By Robert Washburn
The journalism practices driving the Rob Ford story are deeply disturbing, damaging audience trust and credibility, not just for the Toronto Star but also for anyone wanting to do serious journalism.
Globe and Mail columnist Lysiane Gagnon takes a pretty good shot at the heart of this issue in her column yesterday arguing social media is to blame for the actions of journalists.
While this is one way to look at why the Toronto Star decided to publish a story about a cellphone video of Toronto Mayor Rob Ford allegedly inhaling from what is being described as a crack pipe, there is a more invasive influence at work: celebrity journalism.
For at least three decades, entertainment journalism has infiltrated hard news reporting. At the beginning, it was television news shows that felt the pressures of upstart programs like Entertainment Tonight in the 1980s. Shorter stories, flashy graphics, quicker paced presentations and constant promotion of upcoming items migrated into broadcasts. (Today, it would be heresy not to do any of these as a matter of course.)
From, these humble beginnings, the practices of celebrity journalism have slowly and continuously filtered into other forms of journalism. As Gagnon rightly points out, serious news organizations would never publish or broadcast unsubstantiated rumours like these in the past. Basic texts like Elements of Journalism by Tom Rosenstiel and Bill Kovach specifically address a key aspect of journalism as a process of verification.
Maybe more importantly, the Society of Professional Journalists, one of the oldest journalism organizations in North America, specifically states in its code of ethics,
“Test the accuracy of information from all sources and exercise care to avoid inadvertent error. Deliberate distortion is never permissible.”
Without the video in hand, there is no way to test the veracity of the images or to even put them into the public realm, at the very least, to allow the audience to decide if they are ready to believe it is true or not.
But, in celebrity journalism rumours and half-truths flourish. This is the lifeblood of this form, where one day an allegation is made through social media or some unidentified source; and the next day the vehement denials gush forth like an untapped oil well. Journalists are rarely asked to verify the facts, but simply take everything at face value, claiming a rumour is crushed or discounted only because there is a denial. Back and forth it goes. For the most part, it is not even news but merely spectacle provided to keep us distracted and amused.
None of this belongs in serious journalism.
Still, due to the pervasive nature of celebrity journalism in our culture, it is accepted. So, the Toronto Star publishes its stories and other news organizations jumping on the bandwagon. Rather than doing their own journalism, these journalists repeat the information ad nauseum until it starts to feel like fact rather than rumour. Then, the distortion becomes so grotesque, it is treated as a legitimate news item; yet the foundation is simply sand.
One of journalism’s primary obligations must be to the truth – not the absolute version philosophers like to wax about in university classrooms – but to the truth within a moment. It is a snapshot. But, the truth must be clearly in focus. This is certainly not the current case in the Ford story.

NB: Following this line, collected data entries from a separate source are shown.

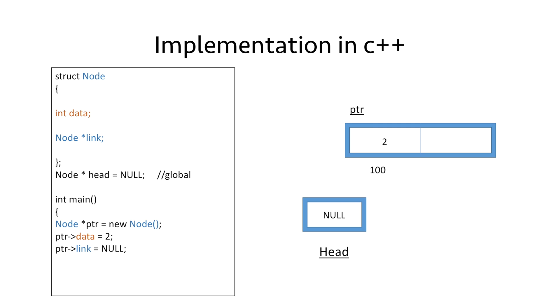Similarly, we put NULL in the linked part. Remember we have to put NULL to show that this is the end of our linked list and the current node is not pointing to any other node.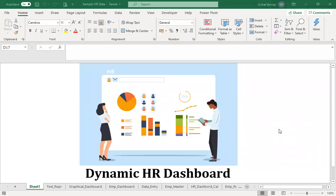Welcome to the course for dynamic HR dashboard. In this entire course, we will be talking about how to prepare the dashboard. Let's understand the concept of a dashboard first. A dashboard is basically a way to represent data — what is happening with the different matrices, and the information related to those matrices will be displayed in the HR dashboard.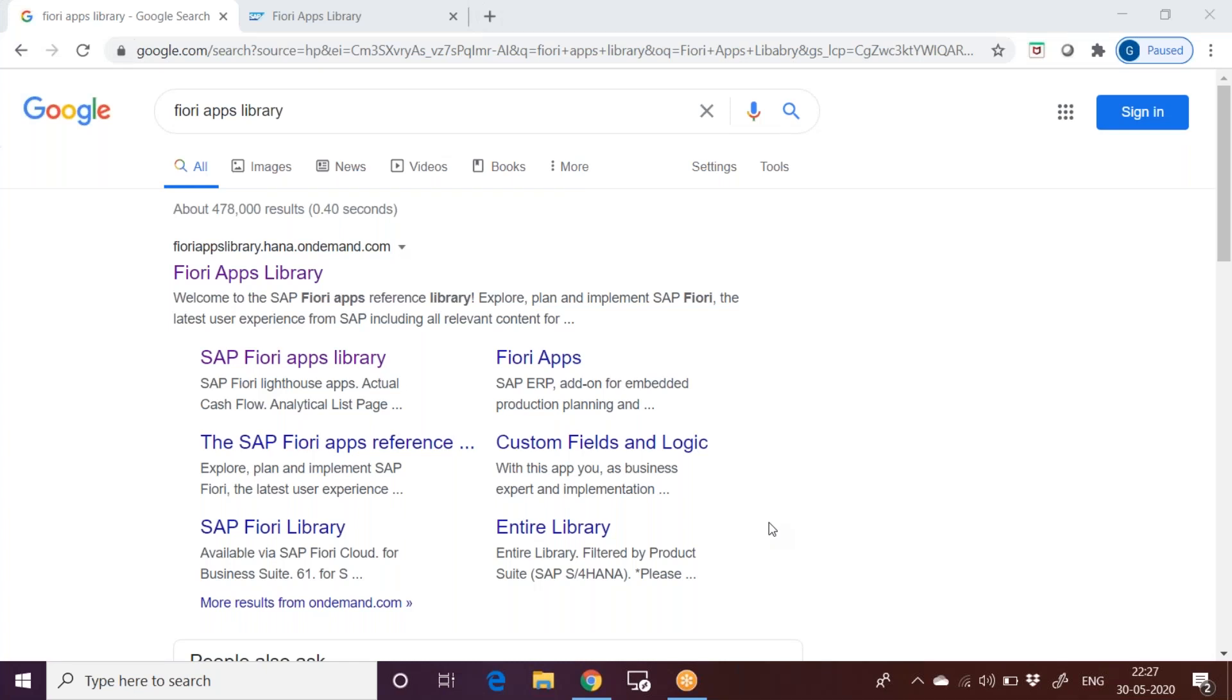Hello everyone. In this session, we are going to discuss about Fiori apps library. This would be the first topic anybody has to go through, whoever wants to understand about Fiori security. So let us go through the Fiori apps library.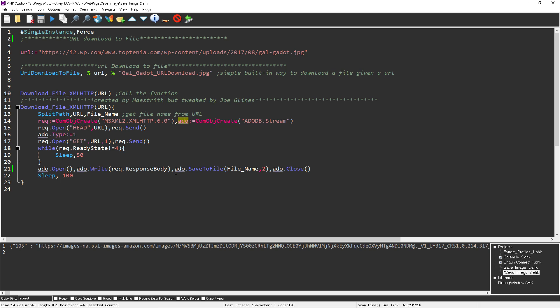And in this version what I've done here is I have it look, I split out the file name. So that way it will look at the file name that's given on the website and will automatically save it as that file name on your computer. It defaults to the folder the script is running out of.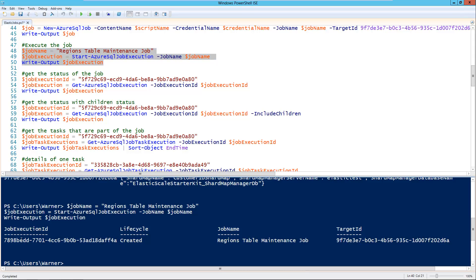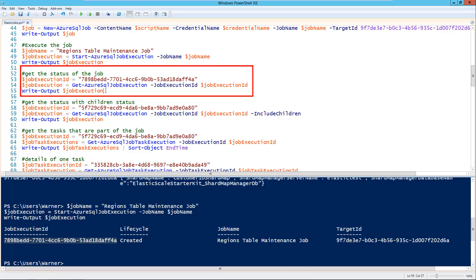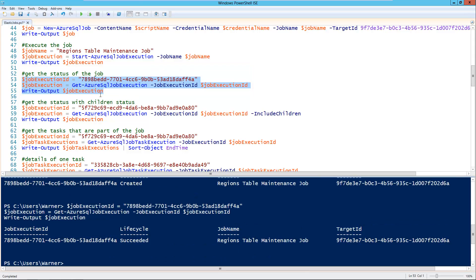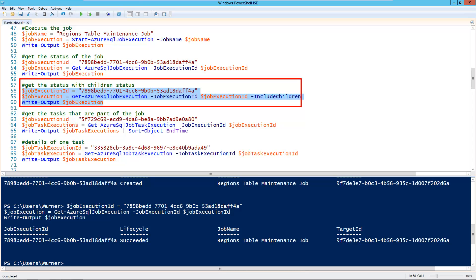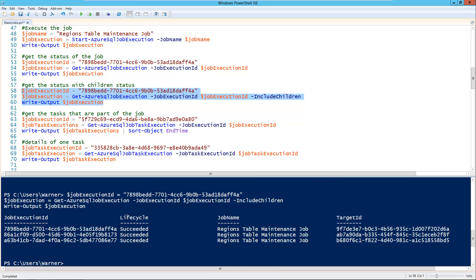With the job execution ID, I can track the rest of the activities of the job. Using Get-AzureSqlJobExecution, I can see the job has already completed — lifecycle says 'succeeded'. I can look into even more detail. Using Get-AzureSqlJobTaskExecution, we can see this particular job was composed of three different tasks. When executing against the shard map, there's a control task and then a task for each database in the shard map — so I have shard 0 and shard 1, giving me three tasks total: the control task, the task for shard 0, and the task for shard 1.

For that to happen newsrooms must slow down and remember our first loyalty is to the audience, as well as to exercise the discipline of verification. Saying two reporters saw something is thin gruel in this case when so much is at stake.
Social media has influence journalism practices. One of the major ways is in the speed in which news is reported. It might be wise for newsroom to start shrugging off the desire to rush to publish first. In a world where social media does propagate a huge amount of misinformation, journalism must remain a bastion of accuracy, trust and credibility if it hopes to remain relevant.
In the case of the Toronto Star, it has failed in this regard. It was a mistake to publish without the video in hand. And, if it could not be obtained, then the newspaper should have waited. If Gawker beat them to the story, so be it. It practices celebrity journalism. Audiences would expect this. It should not be what is expected from a once respected news organization.